When we did the puberty and body changes show, we talked about this how everything is focused on them, and so not that we have to baby them for three weeks it’s not what we’re saying but validate their feelings for a day or two. You know, let them, let them sulk, let them have a little pity party. Now we don’t want them to get stuck there. We have to move them out of it and learn the lesson. But allow them to have a minute. Yes, we don’t, we all need a minute. My husband I just had this conversation the other day because he was having a bad weekend and he was like do I not just get a minute? I’m juggling so much, I just need a minute. And then I looked at him and was like when do I get my minute to have a break up?
0:18:22 – Speaker 3
we need a minute at the same time.
0:18:24 – Speaker 2
When do I get to take a three or not? Because I need a minute. Yeah, we’ve all been there and our kids need a minute. Yes, they need a minute to process. Okay, I was rejected and we’re gonna have that pull yourself up by your bootstraps conversation, but it doesn’t need to happen the day they get rejected. It shouldn’t be out of the gate.
0:18:41 – Speaker 3
Yeah, exactly that’s so good be their cheerleader, validate them when they do display wisdom. I think that’s really important, because you spend all this time pouring into them, laying the foundation, having the conversations, all of these things. When you see them walk through something, it’s beautiful yeah it’s beautiful to see them on the other side of that and making those good decisions on their own, stepping into the light on their own. It’s a really neat transition and we need to really encourage and validate that.
0:19:08 – Speaker 2
And if you have a kid that seems to feel like they’re always getting rejected, you know I would encourage you well, even if they’re not find things that your kids are good at, and compliment them. You know, if they do a great thing on a project or if they write a great essay at school and you’re just like moved by it. Share that with them so many times as parents, our kids do all these amazing things and we don’t tell them how amazing we think it is. That’s so true, why we think it’s amazing.
0:19:33 – Speaker 3
And the other side of that. I got some great advice one time from a coach who said don’t always compliment the things they’re doing that’s great and important to you. But, also the effort and the character and the perseverance, the perseverance like or just talking about, like I tell my little one all the time. He’s five and he just plays like a fireball out there. And I tell him all the time I love watching you on the court. It’s such a joy because you work so hard, you’re committed to your team and you’re great teammates.
Not the win none of that. Just these are some characteristics that are awesome to watch.
0:20:07 – Speaker 2
That is so important and that goes back to the. We seek approval from God from within. We’re doing the right thing because it’s the right thing. We’re not doing it for applause or to get posted on social media. We’re not doing it for all of that. We’re doing it because it’s the right thing. My boy and I we play basketball almost every day after school. It’s either basketball or football.

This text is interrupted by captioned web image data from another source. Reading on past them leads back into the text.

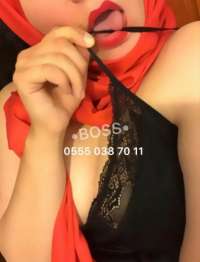Konya Genç Escort: Çarpıcı ve Unutulmaz Bir Macera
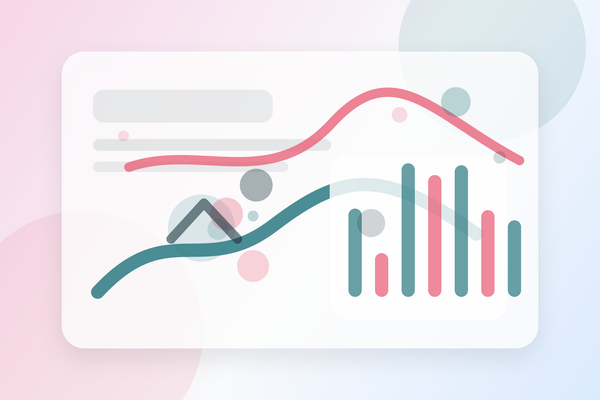 How to Buy Instagram Followers Strategically in 2026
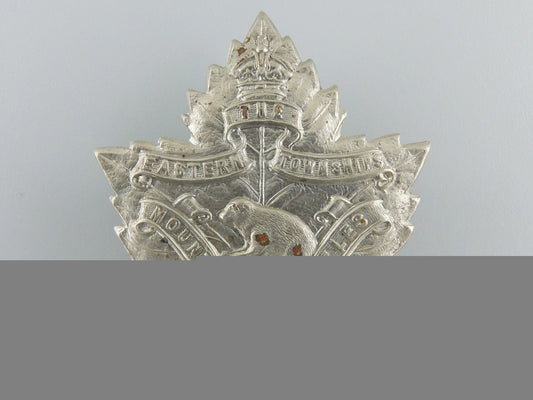 a_first_war_eastern_townships_mounted_rifles_cap_badge_d_069
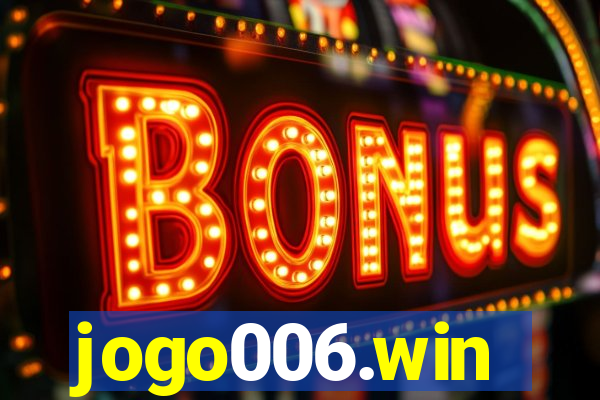 jogo006.win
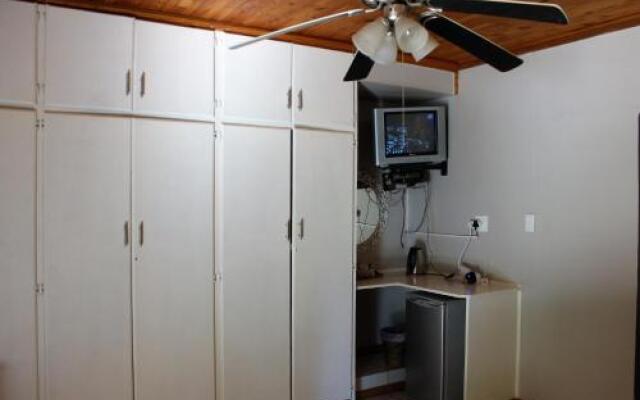 Casa Linge Guest House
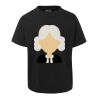 JB's Youth Tee Thumbnail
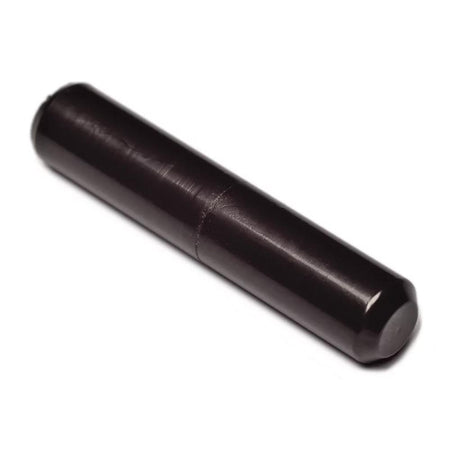 Volquartsen Drop-In Recoil Buffer Bolt Stop Pin for Ruger 10/22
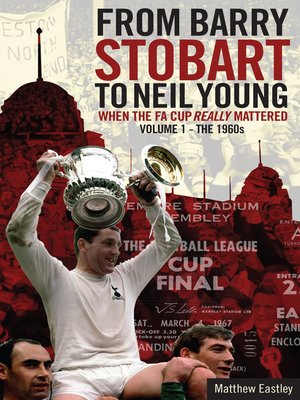 cover image of From Barry Stobart to Neil Young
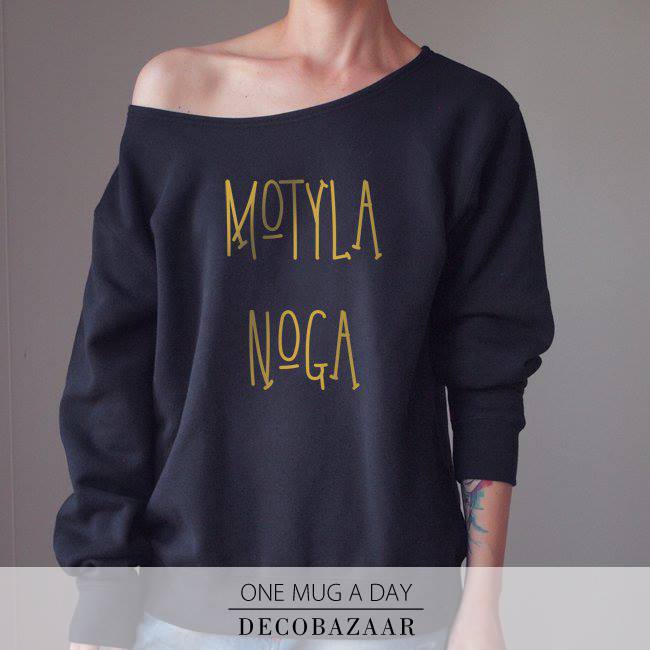 decobazaar's tweet photo. Do 6 listopada u ONE MUG A DAY wysyłka GRATIS! https://t.co/4AH7JPRfpn https://t.co/X5JY0ihEBp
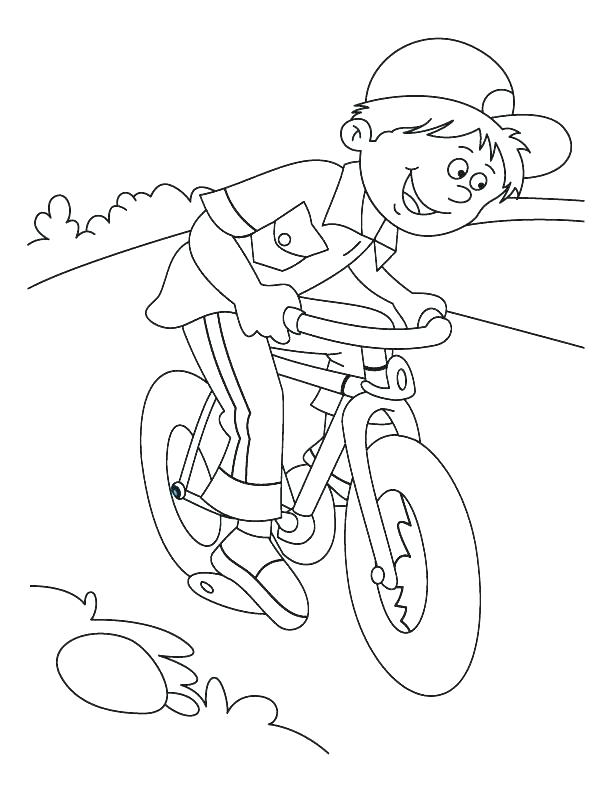 612x792 And Coloring Pages Colouring Pages Classy Julius Caesar Colouring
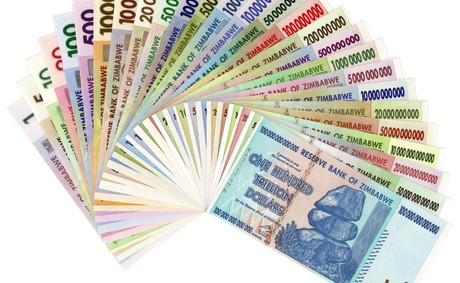 Zimbabwe Boosts Minimum Wage For Domestic Workers, Regional Pay Gap Remains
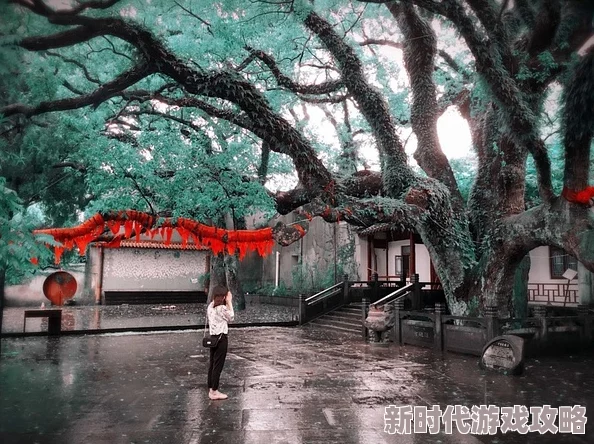 99热最新：全新动态发布，带你了解最新趋势与热门话题，精彩内容不容错过！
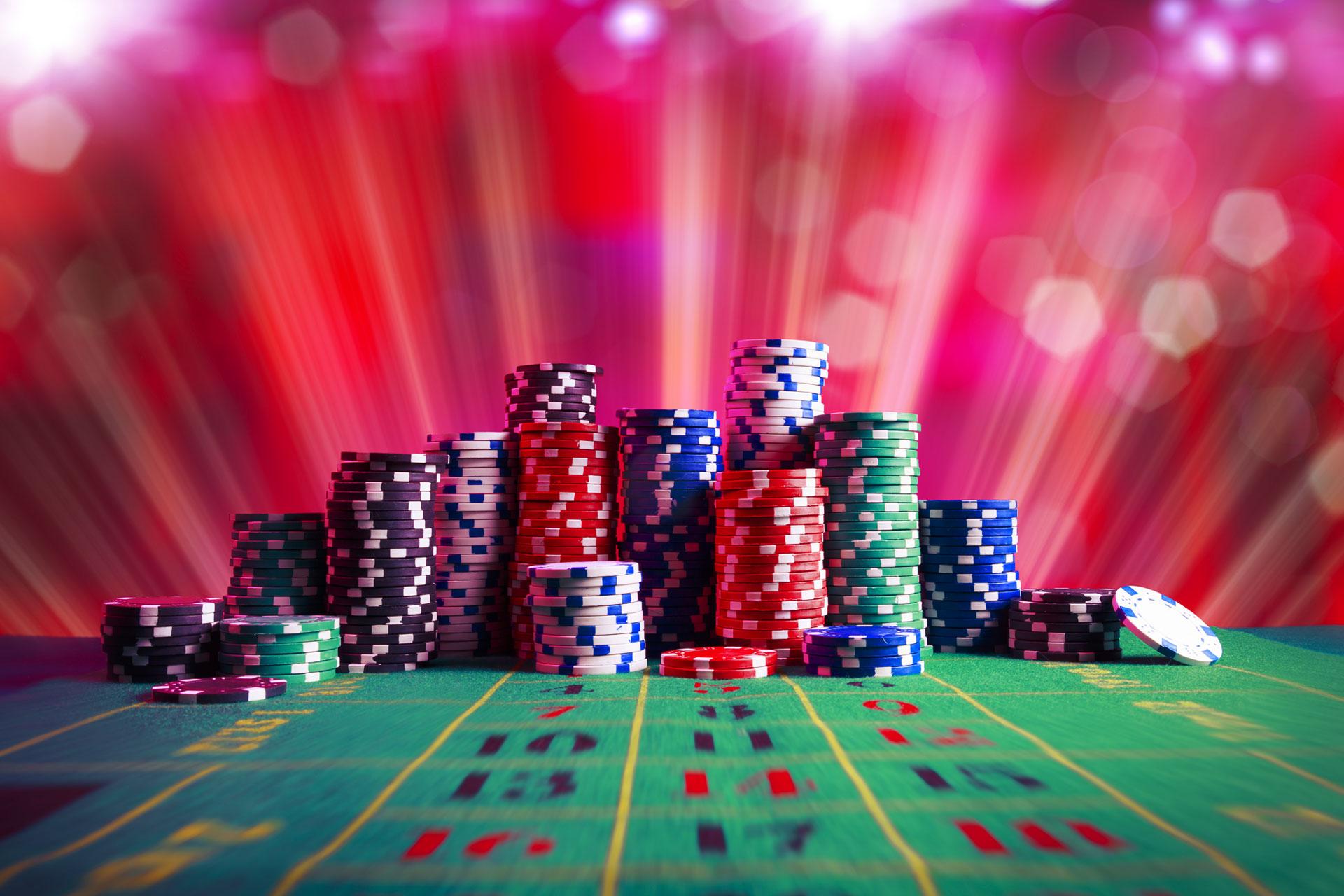 Khám phá fish casino online và trải nghiệm chơi cá cược hấp dẫn tại fish casino online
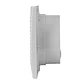 Extractor De Aire Techo/Pared 6 (Shcl00006721Cj) Fanaloza - Miniatura 2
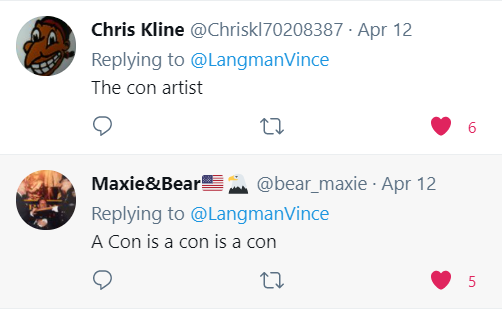 f:id:Naomi-sayonara:20210414100929p:plain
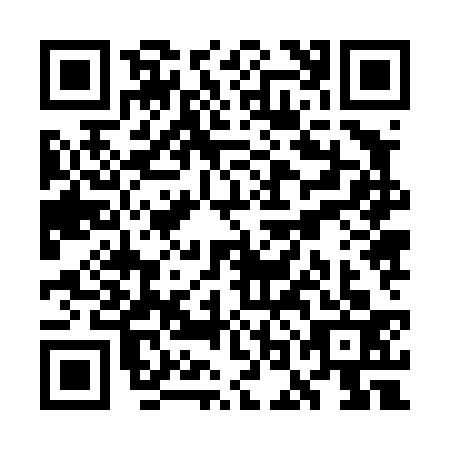 QR code for WOJ4332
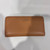 Used Kate Spade New York Leather Wallet 60064-S000673755 View 2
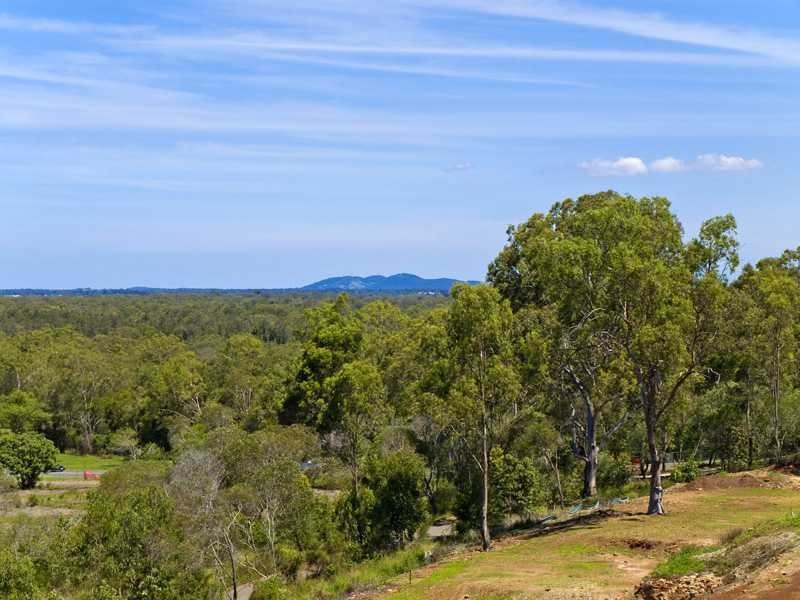 Lot 4 Oasis Close, Manly West QLD 4179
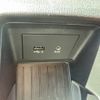 audi q2 2024 -AUDI--Audi Q2 3BA-GADPC--WAUZZZGA4RA040036---AUDI--Audi Q2 3BA-GADPC--WAUZZZGA4RA040036- image 23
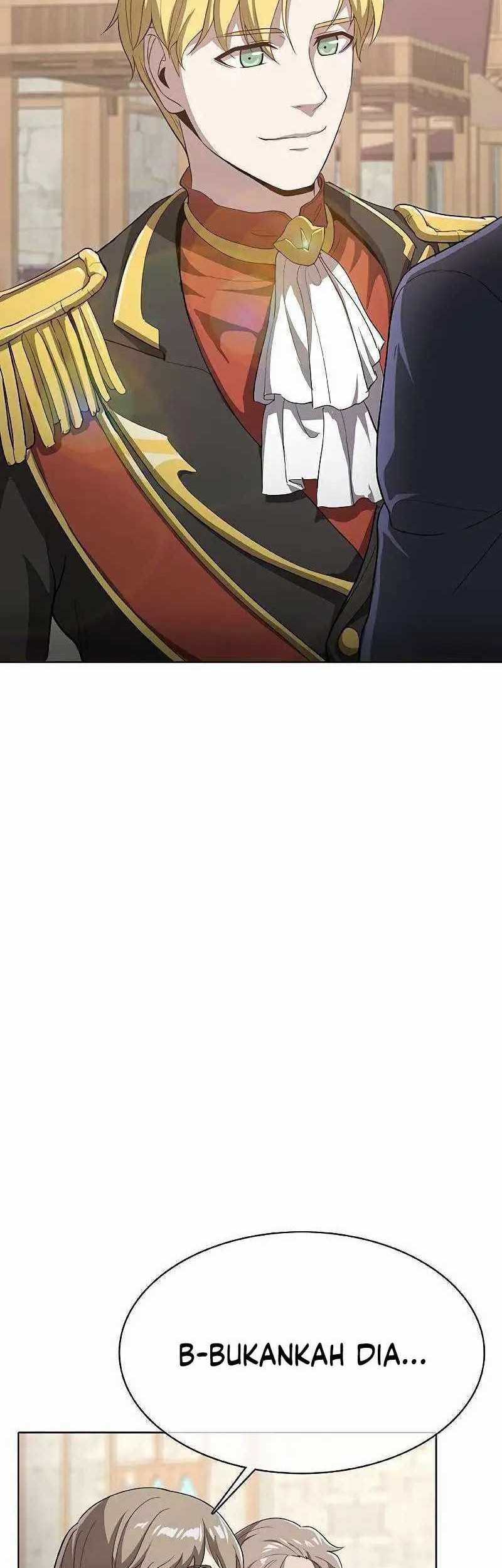The Strongest Chef in Another World Chapter 32 halaman 43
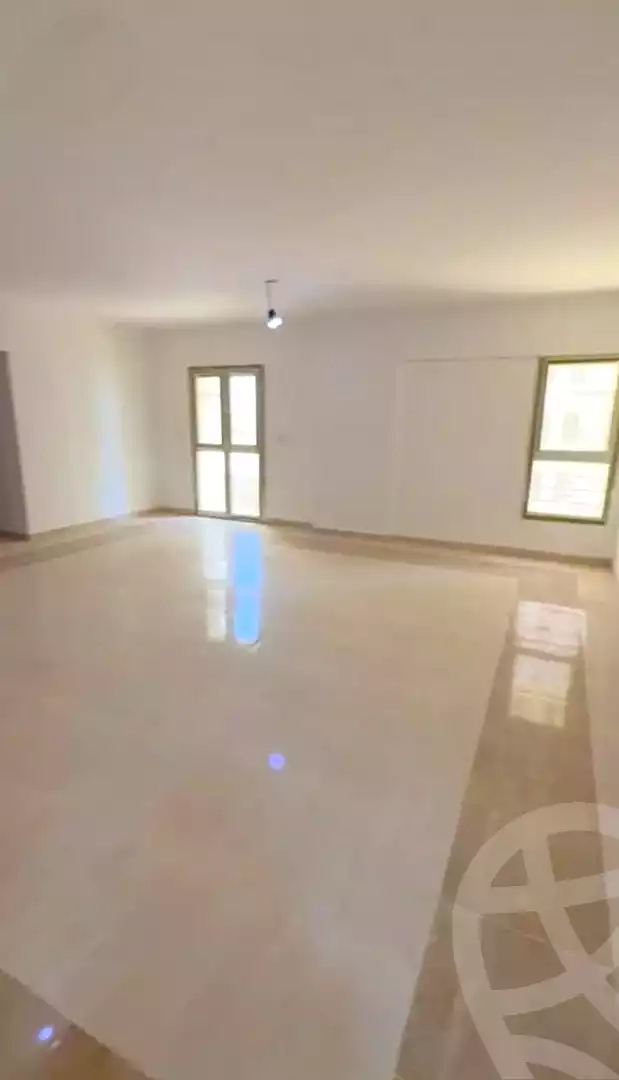 https://aqarmap.com.eg/ar/listing/7153232-for-sale-north-coast-new-alamein-mntj-t-l-lmyn-ljdyd-t-residence-torec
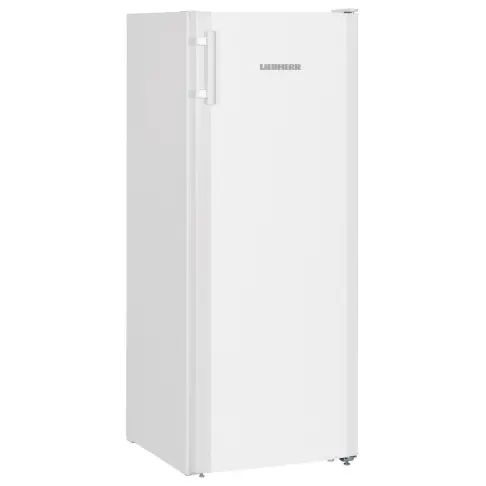 Réfrigérateur 1 porte LIEBHERR KPE290-26 - 4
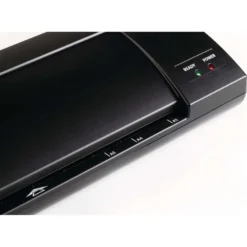 DAHLE® Laminiergerät, DIN A3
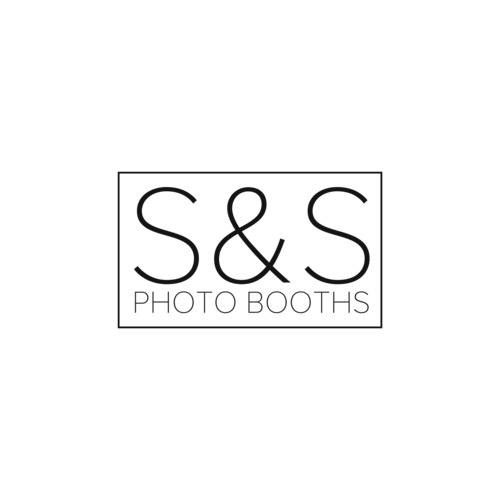 S&S Photo Booths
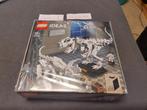 TK : Lego Jurassic World 21310, Briques en vrac, Lego, Enlèvement ou Envoi, Neuf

I mean, I have bruises sometimes on my legs from falling and tripping and getting kicked and whatever, but the other day he was he’s normally a great player, I mean he’s great but he was struggling, like he was having an off day and we were playing basketball and I was beating him, which really happens and I could see him getting very frustrated. I could see, and there was one basket that he kept trying to make, kept trying to make and he just would not, which is a standard layup. I mean he’s constantly done it.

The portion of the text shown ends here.